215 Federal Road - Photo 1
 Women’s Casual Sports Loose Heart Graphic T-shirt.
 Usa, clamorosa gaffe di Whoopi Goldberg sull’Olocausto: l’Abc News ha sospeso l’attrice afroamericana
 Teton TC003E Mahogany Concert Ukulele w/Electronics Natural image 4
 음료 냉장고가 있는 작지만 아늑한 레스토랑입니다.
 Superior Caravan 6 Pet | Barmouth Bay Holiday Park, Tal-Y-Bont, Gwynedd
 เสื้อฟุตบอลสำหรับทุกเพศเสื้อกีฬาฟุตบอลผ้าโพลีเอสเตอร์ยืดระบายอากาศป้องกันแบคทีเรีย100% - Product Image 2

WHAT IS REQUIRED:
Only the lines from the one with "Usa, clamorosa gaffe" through the final line above belong in the answer, each reproduced word for word.

YOUR RESPONSE:
 Usa, clamorosa gaffe di Whoopi Goldberg sull’Olocausto: l’Abc News ha sospeso l’attrice afroamericana
 Teton TC003E Mahogany Concert Ukulele w/Electronics Natural image 4
 음료 냉장고가 있는 작지만 아늑한 레스토랑입니다.
 Superior Caravan 6 Pet | Barmouth Bay Holiday Park, Tal-Y-Bont, Gwynedd
 เสื้อฟุตบอลสำหรับทุกเพศเสื้อกีฬาฟุตบอลผ้าโพลีเอสเตอร์ยืดระบายอากาศป้องกันแบคทีเรีย100% - Product Image 2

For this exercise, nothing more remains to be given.